Es más, en época de campaña, el “ridículo” puede ser una estrategia de posicionamiento, como ninguna otra, para los políticos.
Desde hace un tiempo a esta parte se dice que la gran batalla en la arena de la comunicación en sentido amplio (y de la política, por supuesto) es la guerra por la “atención” de la audiencia.
Enchufados las 24 horas a internet, desgranados en una vida laboral más compleja que las relaciones de Diwan, y confundidos en un mundo inundado de señales y mensajes... no tenemos tiempo real para escuchar discursos de políticos. Es más, gran parte de la gente no tiene ningún interés en prestarle al oído... a alguien que no sabe si se lo va a devolver.
En serio, la política tal como está presentada, aburre. Será porque ellos tienen problemas muy distintos a los tuyos (se podría simplificar con que la obsesión de la política es el poder... y la tuya, poder comer). Será por aquello de que un político es aquel que con su respuesta te hace olvidar cuál era la pregunta. Será porque hablan otro idioma.
Es más, parece que vivieran en otro país. Incluso, en otra dimensión. Por lo que sea, pero nuestra venganza, como ciudadanos, pareciera ser no prestarles nada de atención. Les damos la espalda. No sabemos cómo se llaman. En qué partido están (ahora). Qué estrategia tramaron para captar nuestros votos.
Entonces, los candidatos, para llamar la atención, en esta guerra del “hey, hey, aquí estoy”, apelan, entre otras estratagemas, al ridículo. Seguramente usted se estará acordando de Walter Wayar (de hecho, como no me acordaba su nombre, googleé “ridículo intendente” y apareció primero).
Al candidato a intendente de Salta lo hemos visto bailar (siendo generosos en el alcance del término “bailar”) en un reciente spot de campaña. Se bambolea al ritmo de la conocida melodía “Vuela, vuela”, pero con la letra modificada (“Wayar, Wayar”). Sí, como en los spots de las elecciones de colegios como el Universitario Central. Y con la estética de un youtuber o del Dubsmash (la app donde la gente imita a Moria o Nazarena).
El salteño danzante es apenas un ejemplo, y quizá el más naif de todos... El problema es que ellos no son chicos divirtiéndose ni actores amateurs. Son políticos. Van a manejar fondos y tiempos públicos. No se candidatean para el Bailando (aunque más de uno agarraría viaje en un pestañeo). Y además, no saben que hacer el ridículo engloba mucho más que bailar como si hubiesen sufrido una dislocación de los miembros superiores.
También es ridículo cambiar de partido como de fondo de pantalla de la compu. O hacer creer que ellos son “lo nuevo”, cuando la sábana de su boleta tapa varios tomuers.

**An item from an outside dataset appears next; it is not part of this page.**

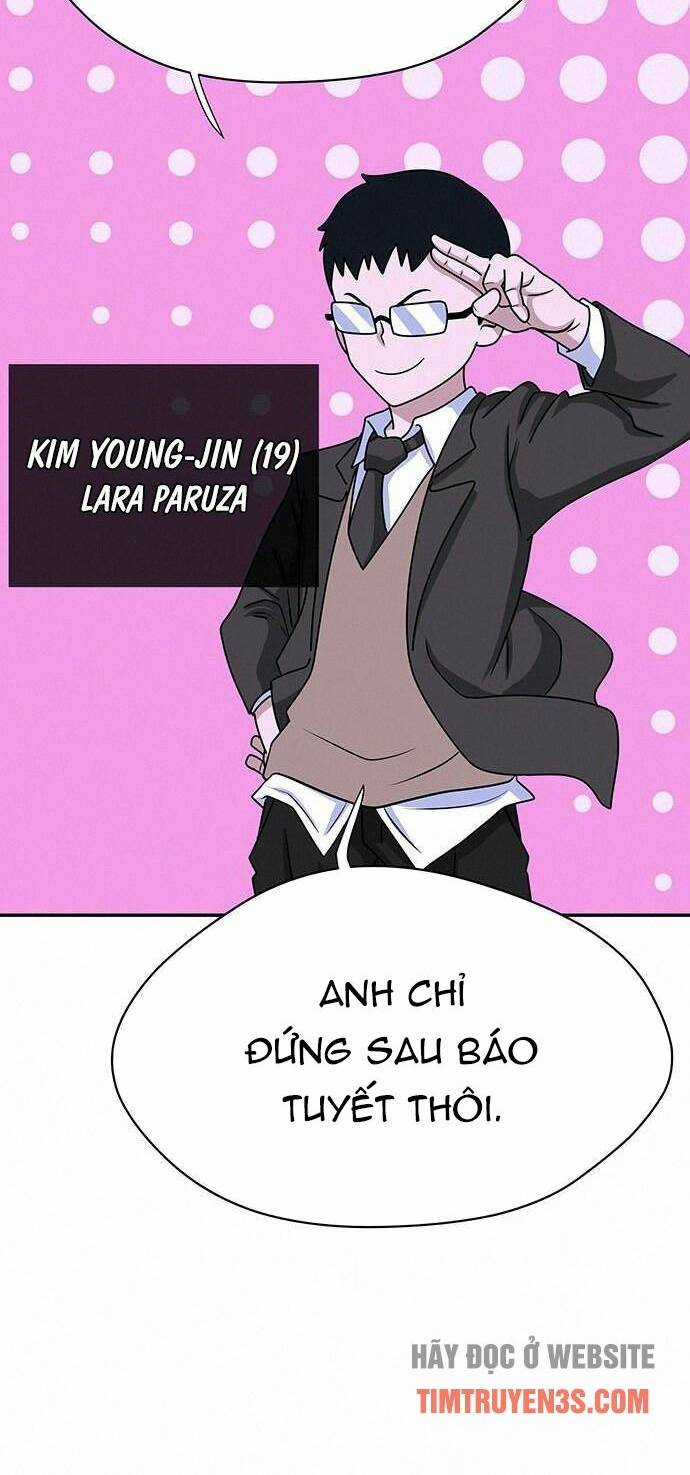 Quy Luật Hệ Thống - Chapter 4 - Trang 18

¿No habrá llegado la hora de donar nuestra ansiada atención, esa que tanto escasea, a los más calladitos, a los más honestos, a los más estudiosos? Si total ya probamos con los cancheros, los estrictos, los chorros, y los ridículos. Fijémosnos cómo nos va con los que saben que del ridículo sí se vuelve, pero que tampoco les interesa dar ese paso. Porque el tema no es que vuelvas. El tema es cómo.